Most changes are involved in dev extent handling, and some sites can not
use btrfs_raid_array[] directly.

I guess you'll see that kernel patch soon, along with needed progs patch
in next week.

Thanks,
Qu
>
> As a related feature to the raid56, I was working on the striped
> raid10c34 profiles but was not able to make it work.
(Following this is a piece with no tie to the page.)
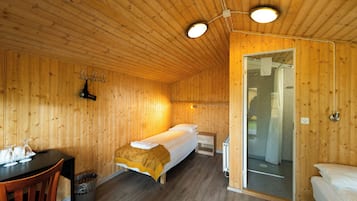 Cabaña económica | Espacio para trabajar con un portátil y sistema de insonorización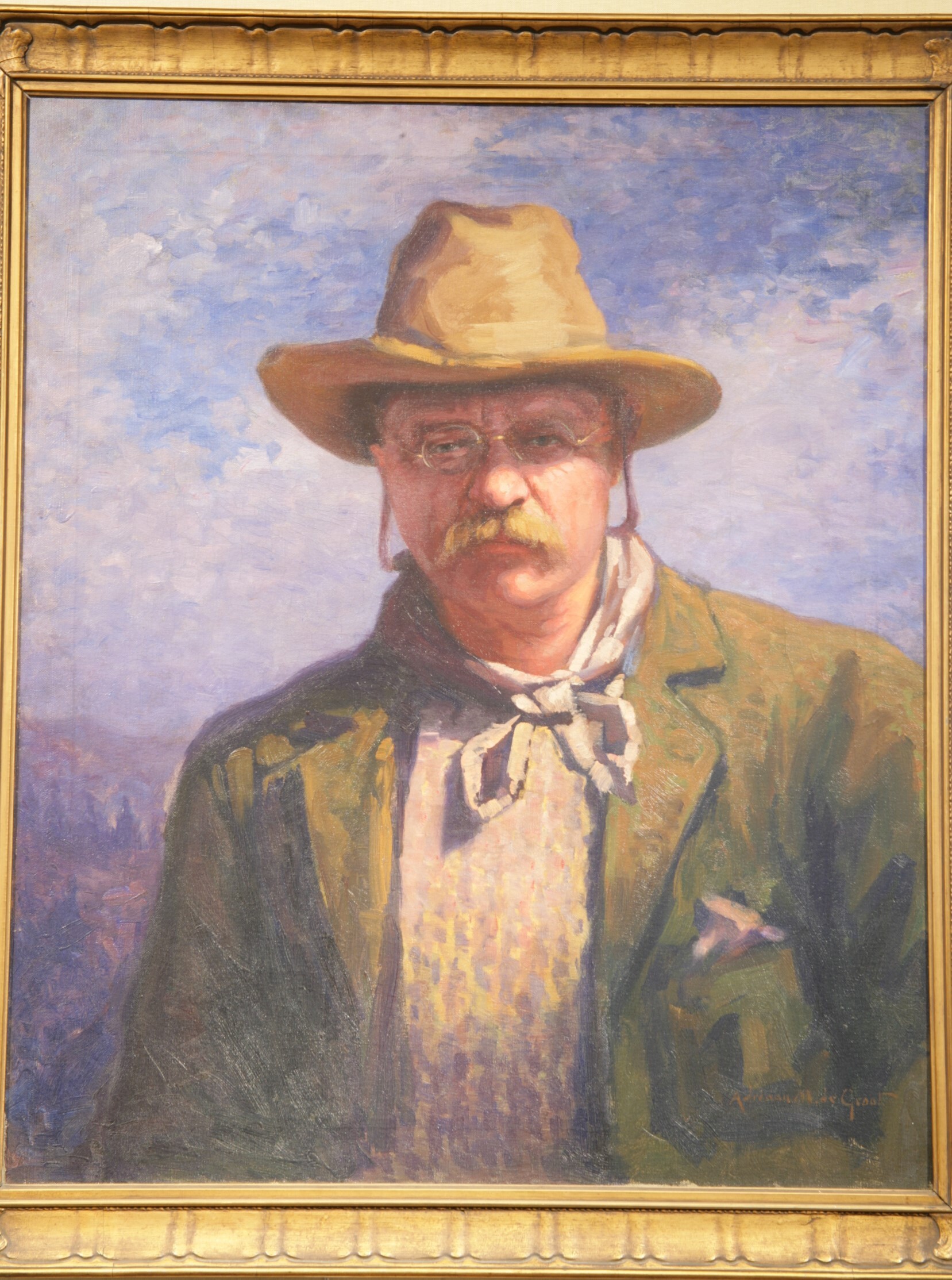 A portrait of Theodore Roosevelt's head and shoulders. He has a mustache and is wearing pince-nez glasses and a large brimmed hat. He has an open coat, a bandanna tied around his neck, and a handkerchief in his pocket. He looks intently at the viewer with a serious expression. The colors of the portrait are soft yellow, blue, and brown. The strokes are impressionistic in style.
In a sense this is
> easier as it reuses existing code, but if you make the journal work we
> won't need that.
>
>> if we're relying on ad-hoc if () else if () branches to
>> calculate thing like number of p/q stripes, it will cause a lot of
>> problems.
>>
>> In fact, during my development, I have hit tons of bugs related to this.
>>
>> One example is alloc_rbio(), it will assign rbio->nr_data, if we forgot
>> to update the check for RAID5 and RAID6 profiles, we will got a bad
>> nr_data == num_stripes, and screw up later writeback.
>>
>> 90% of my suffering comes from such ad-hoc usage doing manual checks on
>> RAID56.
>>
>> Another example is, scrub_stripe() which due to the extra per-device
>> reservation, @dev_extent_len is no longer the same the data stripe
>> length calculated from extent_map.
>>
>> So this patchset will do the following cleanups preparing for the
>> incoming RAID56J (already finished coding, functionality and on-disk
>> format are fine, although no journal yet):
>>
>> - Calculate device stripe length in-house inside scrub_stripe()
>>    This removes one of the nasty mismatch which is less obvious.
>>
>> - Use btrfs_raid_array[] based calculation instead of ad-hoc check
>>    The only exception is scrub_nr_raid_mirrors(), which has several
>>    difference against btrfs_num_copies():
>>
>>    * No iteration on all RAID6 combinations
>>      No sure if it's planned or not.
>>
>>    * Use bioc->num_stripes directly
>>      In that context, bioc is already all the mirrors for the same
>>      stripe, thus no need to lookup using btrfs_raid_array[].
>>
>> With all these cleanups, the RAID56J will be much easier to implement.
>>
>> Qu Wenruo (4):
>>    btrfs: remove @dev_extent_len argument from scrub_stripe() function
>>    btrfs: use btrfs_chunk_max_errors() to replace weird tolerance
>>      calculation
>>    btrfs: use btrfs_raid_array[] to calculate the number of parity
>>      stripes
>>    btrfs: use btrfs_raid_array[].ncopies in btrfs_num_copies()
>
> The preparatory patches look good to me.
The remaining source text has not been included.